Update metric state with new success indicators.

Parameters:

success (Tensor) – Tensor of shape (N,) containing binary success indicators (0 or 1) or continuous success scores if threshold is set. Values can be int, float, or bool.

Raises:

ValueError – If success tensor is empty or contains invalid values.

Return type:

None

compute()[source]

Compute the final Success Rate.

Return type:

Tensor

Returns:

Success rate as a scalar tensor in range [0, 1].

Raises:

RuntimeError – If no tasks have been recorded (total_tasks == 0).

class robometric_frame.task_performance.TaskCompletionRate(threshold=None, ignore_index=None, **kwargs)[source]

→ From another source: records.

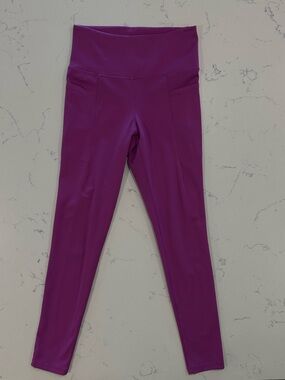 Danskin High Rise Ankle Leggings Purple Size Small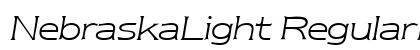 NebraskaLight RegularItalic preview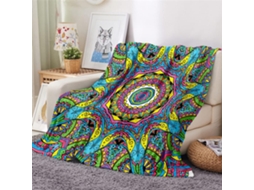 Manta de Flanela Fansu Estampa Mandala 3d Macia e Felpuda Ideal para o Inverno Perfeita Cama Ou Sofá Adequada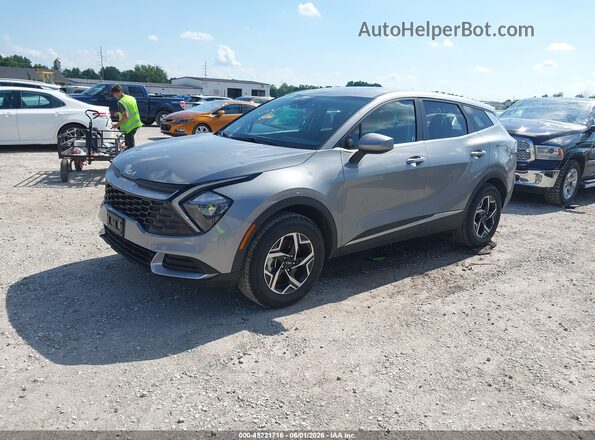 KNDPUCAF2P7175617 2023 KIA SPORTAGE Silver წინა მარცხენა ხედი სამი მეოთხედიდან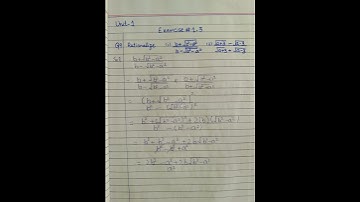 Exercise 1.3 Question 7 - 9 Notes | 10th Class General Math| Quaid-e-Azam Academy 💯💯👌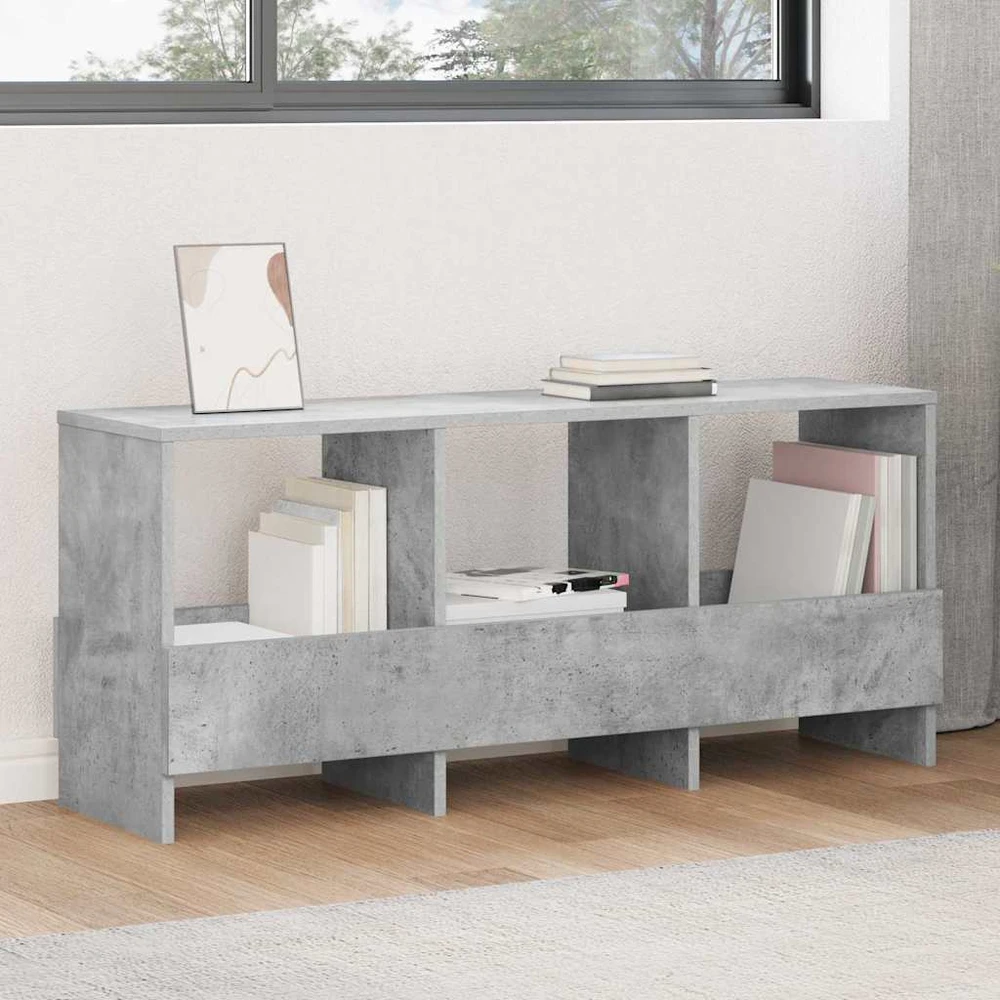 Žurnalų stovas Betono pilka 102 x 30 x 45 cm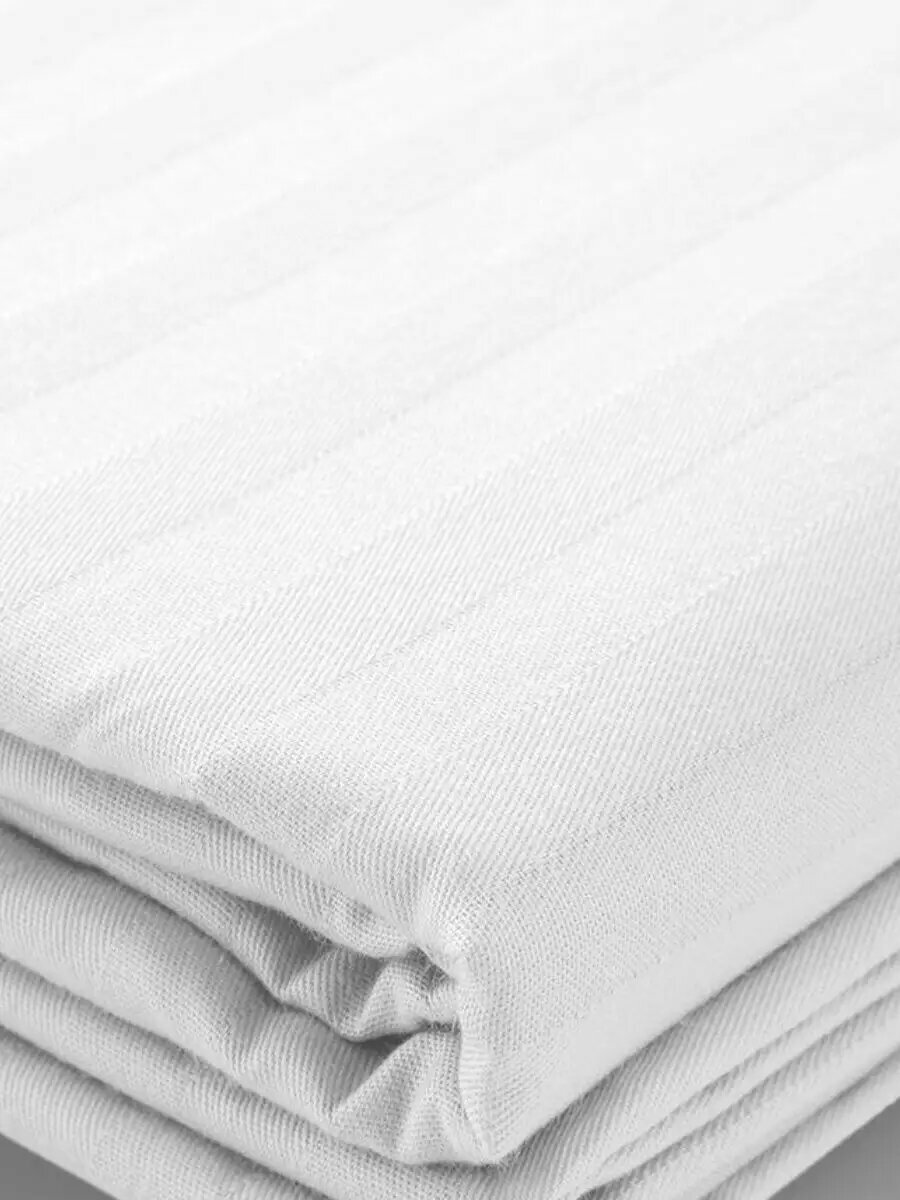 Пододеяльник сатин страйп 145*215 см (полоса 1*1 см) — фото 1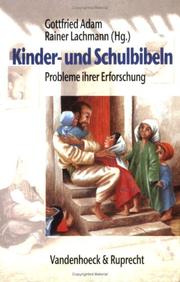 Cover of: Kinder- und Schulbibeln: Probleme ihrer Erforschung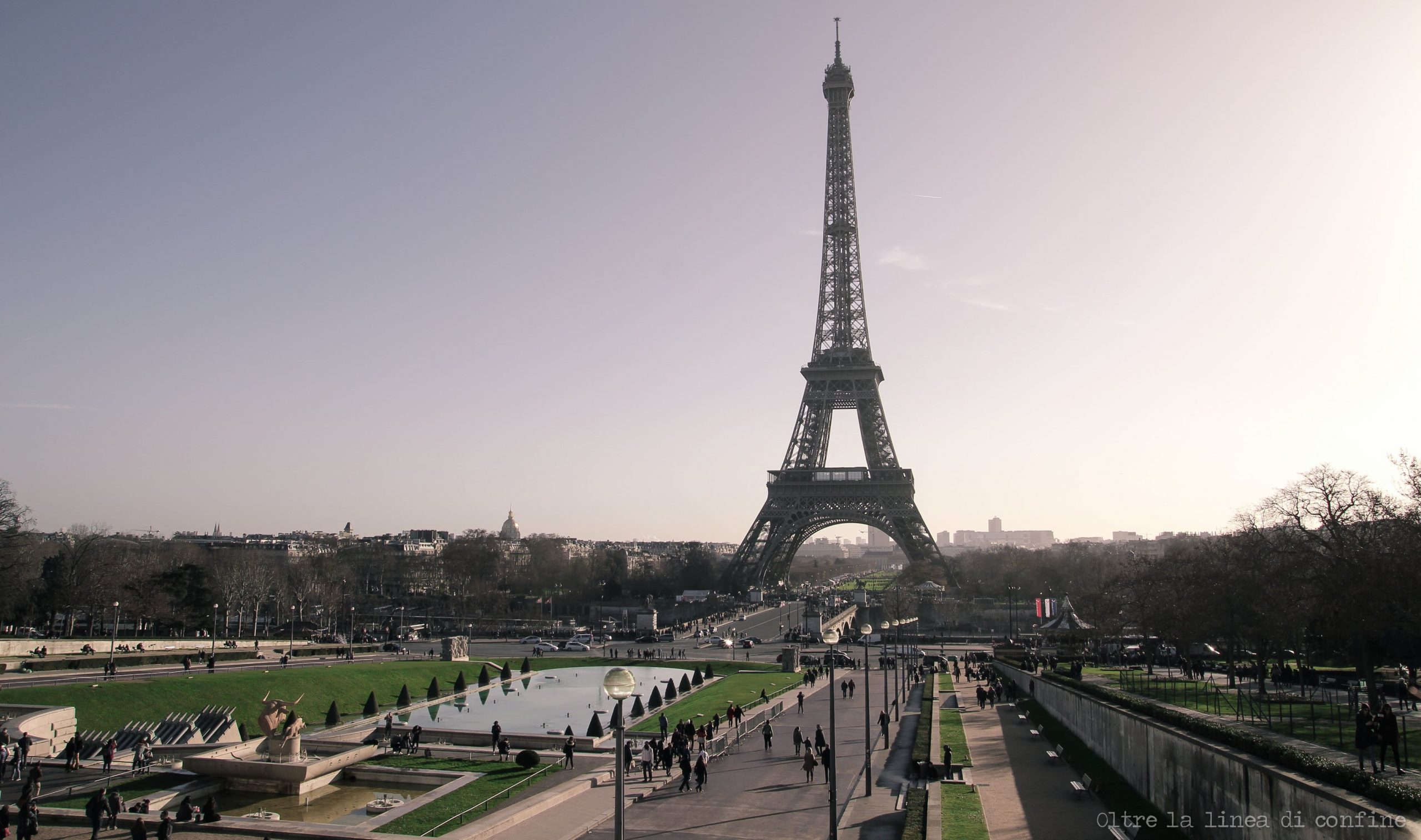 Parigi Trocadero Tour Eiffel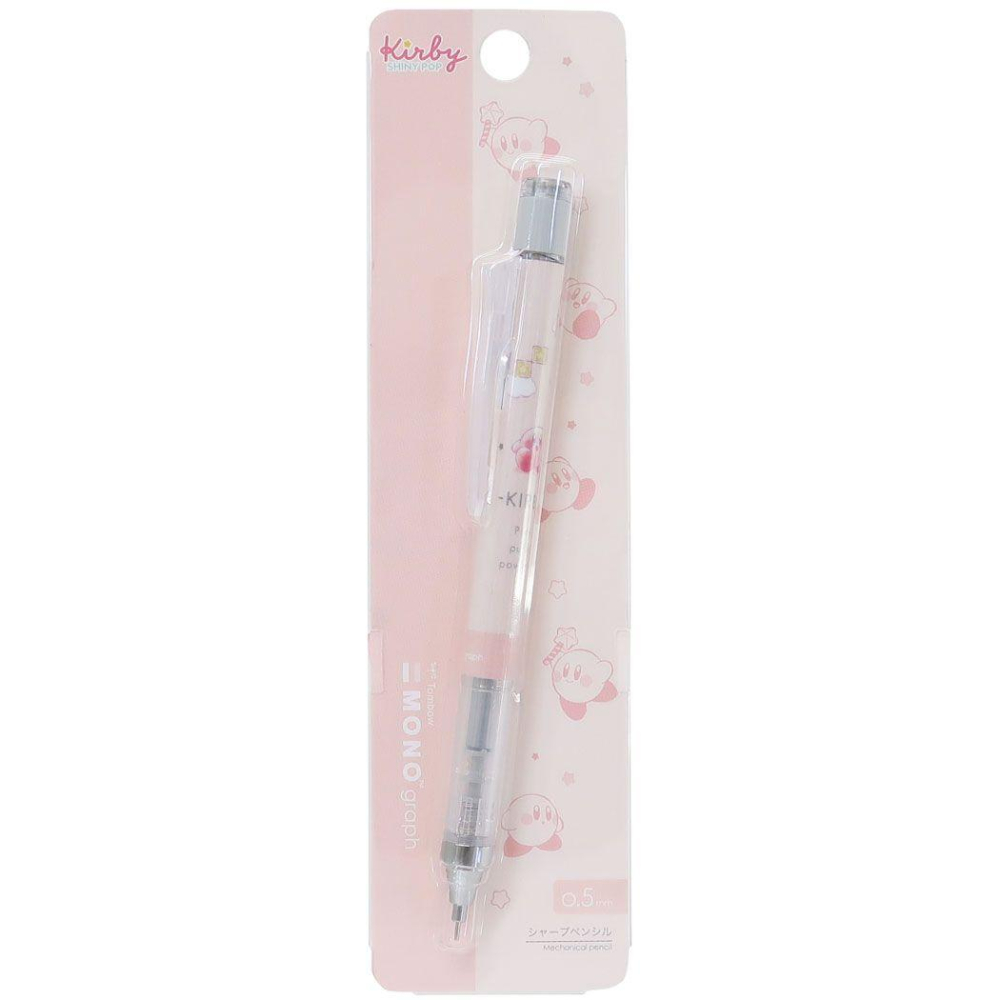[日本製] Tombow 蜻蜓牌 Mono Graph 自動鉛筆 搖搖筆 橡皮擦可替換 Kirby 卡比 0.5mm-細節圖2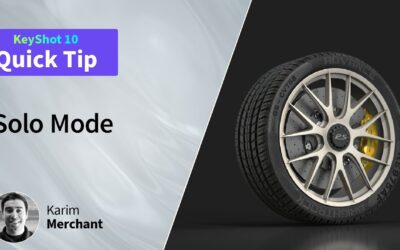 Quick Tip 120: KeyShot Solo Mode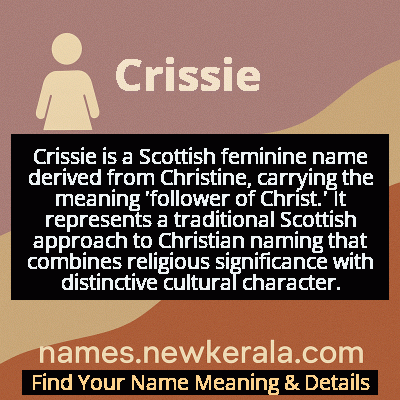 Crissie Name Meaning and Origin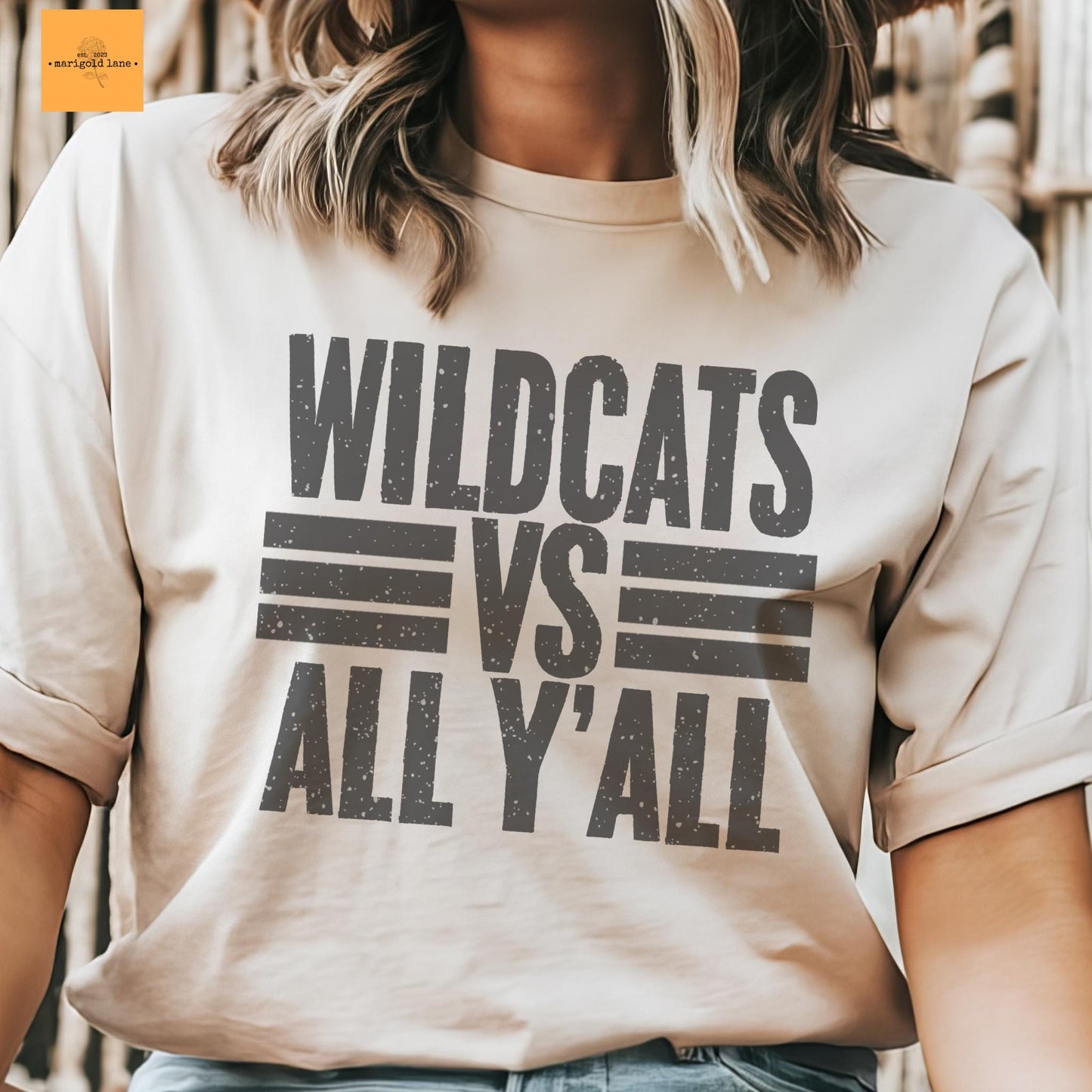 Wildcats vs all y’all mascot, Mascot game day football tshirt, football mom tshirt, cute game day tshirt, mascot unisex tshirt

Compute Task Completion Rate for robotics policy task chain evaluation.

Task Completion Rate is calculated as:

\[TCR = \frac{N_{\text{completed tasks}}}{N_{\text{task chains}}}\]

where \(N_{\text{completed tasks}}\) is the number of successfully completed task chains and \(N_{\text{task chains}}\) is the total number of task chains attempted.

This metric evaluates multi-step task sequences, measuring success rates across sequential steps. Research shows that success rates drop significantly between sequential steps, indicating challenges in complex instruction following.

Parameters:
  • threshold (Optional[float]) – Threshold for binary classification when using continuous scores. If None, assumes binary inputs (0 or 1). Default: None.

  • ignore_index (Optional[int]) – Value to ignore in the completion tensor. Default: None.

  • **kwargs (Any) – Additional keyword arguments passed to the base Metric class.

Example

>>> from robometric_frame import TaskCompletionRate
>>> metric = TaskCompletionRate()
>>> # Binary completion indicators for task chains
>>> completion = torch.tensor([1, 0, 1, 1, 0])
>>> metric(completion)
tensor(0.6000)
>>> # With continuous scores and threshold
>>> metric = TaskCompletionRate(threshold=0.8)
>>> scores = torch.tensor([0.9, 0.7, 0.85, 0.95])
>>> metric(scores)
tensor(0.7500)
Example (multi-step evaluation):
>>> # Evaluate task chains over multiple batches
>>> metric = TaskCompletionRate()
>>> # First batch: 3 task chains, 2 completed
>>> batch1 = torch.tensor([1, 0, 1])
>>> metric.update(batch1)
>>> # Second batch: 2 task chains, 1 completed
>>> batch2 = torch.tensor([0, 1])
>>> metric.update(batch2)
>>> # Overall completion rate
>>> metric.compute()
tensor(0.6000)
full_state_update: bool = False
total_completed: Tensor
total_chains: Tensor
__init__(threshold=None, ignore_index=None, **kwargs)[source]

Initialize the TaskCompletionRate metric.

update(completion)[source]

Update metric state with new task chain completion indicators.

Parameters:

completion (Tensor) – Tensor of shape (N,) containing binary completion indicators (0 or 1) or continuous completion scores if threshold is set. Values can be int, float, or bool.

Raises:

ValueError – If completion tensor is empty or contains invalid values.

Return type:

None

compute()[source]

Compute the final Task Completion Rate.

Return type:

Tensor

Returns:

Task completion rate as a scalar tensor in range [0, 1].

Raises:

RuntimeError – If no task chains have been recorded (total_chains == 0).

Modules

action_accuracy

Action Accuracy metrics for robotics policy evaluation.

success_rate

Success Rate metric for robotics policy evaluation.

task_completion_rate

Task Completion Rate metric for robotics policy evaluation.